Anche una così superficiale disamina sull’utilizzo del Mandala quale strumento psicoterapeutico è

per questa trattazione fortemente significativa. L’utilizzo che Dora Kalff fa del gioco della sabbia in

psicoterapia infantile riprende infatti decisamente la modalità junghiana dell’analisi del Mandala, e

fornisce così la giustificazione del nesso che possiamo vedere tra la qualità “proiettiva” e espressiva

del Mandala di sabbia e quella che si esprime nel gioco della sabbia.

Sembra anche più che evidente come il gioco della sabbia proponga caratteristiche che ne

incoraggiano l’uso in psicoterapia infantile unitamente ad altre modalità proiettive (disegno, gioco)

laddove altri strumenti risultano improponibili, se non per la loro peculiarità almeno per

l’impossibilità di renderli allo stesso tempo accettabili da parte dei piccoli pazienti e

sufficientemente spontanei e espressivi (non troppo astratti o artefatti) da mantenere le loro qualità

diagnostiche.

Il gioco della sabbia appare in quest’ottica un vero e proprio Mandala per i bambini: l’equivalente

per la psicoterapia infantile di ciò che il Mandala è – nella psicoterapia junghiana – per la terapia

degli adulti, e capace di liberare i medesimi contenuti simbolici e espressivi.

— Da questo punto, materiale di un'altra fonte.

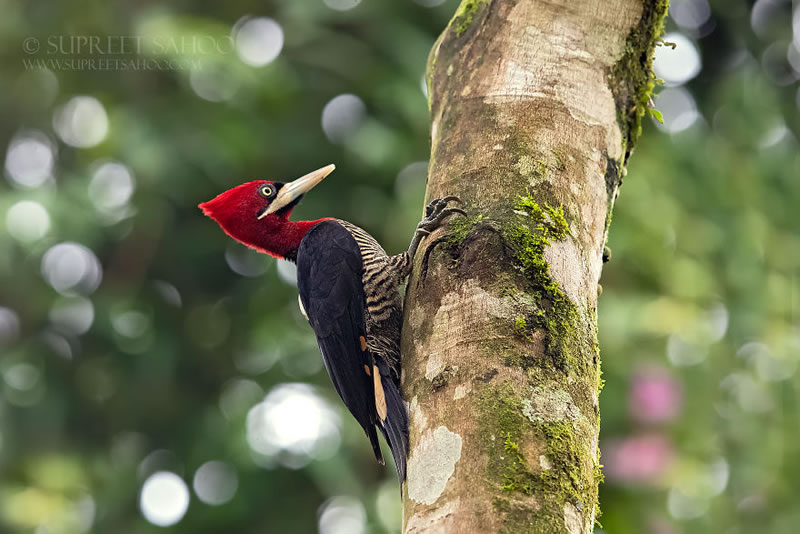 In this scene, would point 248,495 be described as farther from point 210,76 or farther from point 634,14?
point 634,14

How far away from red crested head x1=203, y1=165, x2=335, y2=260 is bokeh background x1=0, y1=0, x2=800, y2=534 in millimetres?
1309

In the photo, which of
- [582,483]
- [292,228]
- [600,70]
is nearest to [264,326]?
[292,228]

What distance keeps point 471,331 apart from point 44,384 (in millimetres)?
5012

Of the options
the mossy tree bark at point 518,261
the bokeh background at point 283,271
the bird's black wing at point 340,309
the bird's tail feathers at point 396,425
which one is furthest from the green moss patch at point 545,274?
the bokeh background at point 283,271

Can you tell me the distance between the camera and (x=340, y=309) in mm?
2865

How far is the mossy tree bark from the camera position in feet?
5.60

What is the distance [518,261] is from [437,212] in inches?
12.0

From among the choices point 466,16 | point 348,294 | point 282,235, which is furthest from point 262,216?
point 466,16

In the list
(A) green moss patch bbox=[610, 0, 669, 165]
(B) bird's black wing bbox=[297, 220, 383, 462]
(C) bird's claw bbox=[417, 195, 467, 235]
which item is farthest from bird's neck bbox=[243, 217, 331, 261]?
(A) green moss patch bbox=[610, 0, 669, 165]

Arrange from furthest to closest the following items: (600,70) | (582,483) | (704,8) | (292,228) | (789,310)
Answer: (704,8)
(789,310)
(292,228)
(600,70)
(582,483)

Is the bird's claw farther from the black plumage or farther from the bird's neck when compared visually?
the bird's neck

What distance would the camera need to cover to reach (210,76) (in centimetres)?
531

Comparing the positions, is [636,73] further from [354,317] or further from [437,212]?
[354,317]

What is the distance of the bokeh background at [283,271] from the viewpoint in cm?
473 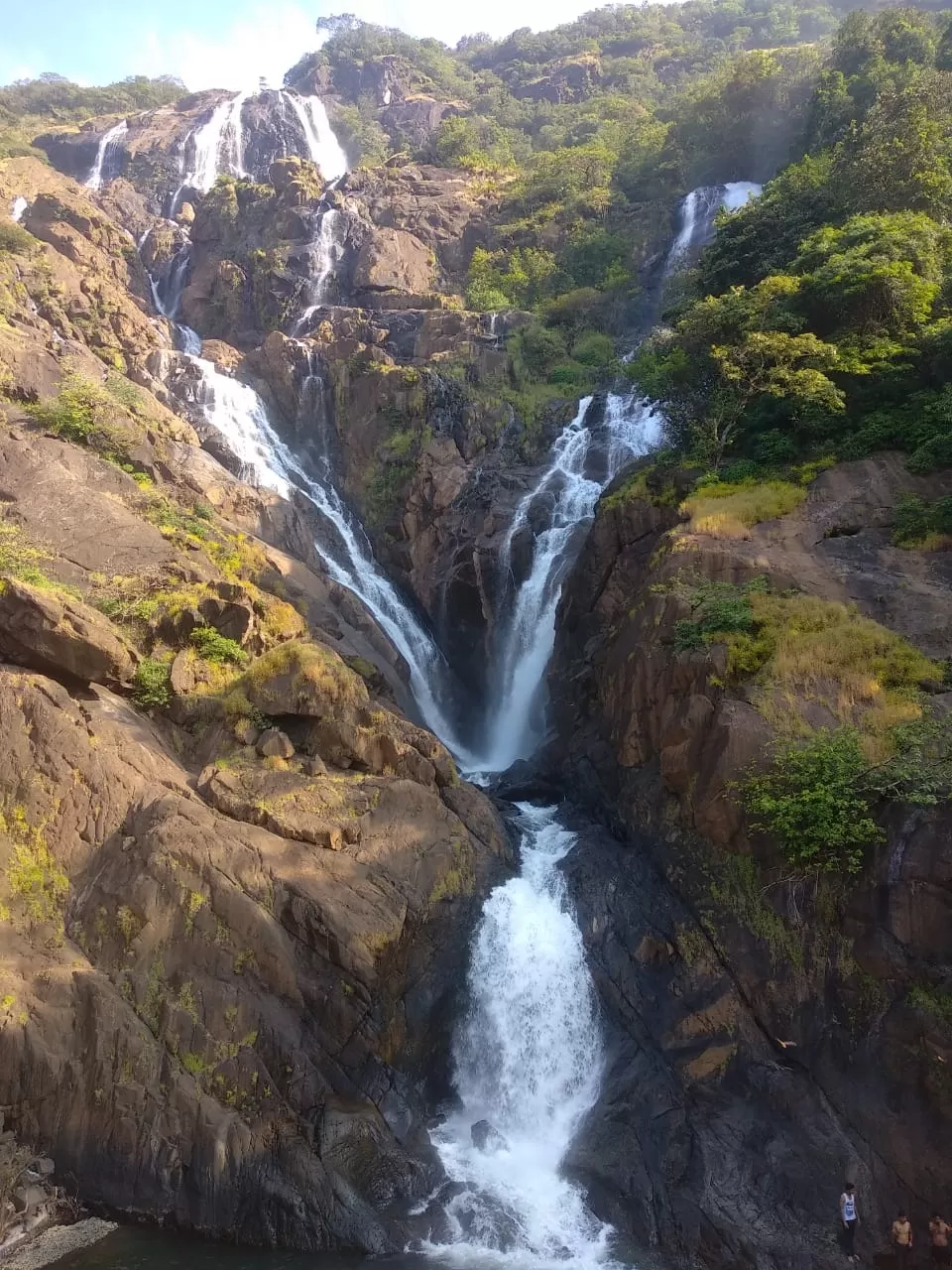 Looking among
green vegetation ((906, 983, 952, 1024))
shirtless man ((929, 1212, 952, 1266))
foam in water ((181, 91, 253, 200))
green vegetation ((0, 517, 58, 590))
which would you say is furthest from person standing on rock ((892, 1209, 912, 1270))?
foam in water ((181, 91, 253, 200))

Uno strumento, inoltre, che può essere facilmente proposto in psicoterapia infantile e facilmente

recepito e messo all’opera, senza quelle caratteristiche di astrattezza, formalismo o “estraneità” che

altri strumenti potrebbero esibire quando proposti a bambini, compromettendone quella libera

“espressività” che è per noi necessaria.

A che Gioco (della sabbia) giocare?

1 Con il termine “numinoso” Jung intende “una qualità... o influsso di una presenza invisibile che causa un particolare cambiamento nella coscienza”. Questo aggettivo accompagna le esperienze a sfondo archetipico, di incontro con il Sacro o con il senso non ancora – o non compiutamente - disvelato.

E’ evidente che l’indubbio valore che il gioco della sabbia ha quale strumento psicoterapeutico, nel

senso appena indicato, va considerato a misura che esso si adatta alle caratteristiche e alle

particolari esigenze di questo o quel particolare approccio. E dunque, per noi, a quanto ci

aspettiamo di cercare e di riscontrare, con gli strumenti interpretativi che abbiamo a disposizione, in

una psicoterapia analitico transazionale.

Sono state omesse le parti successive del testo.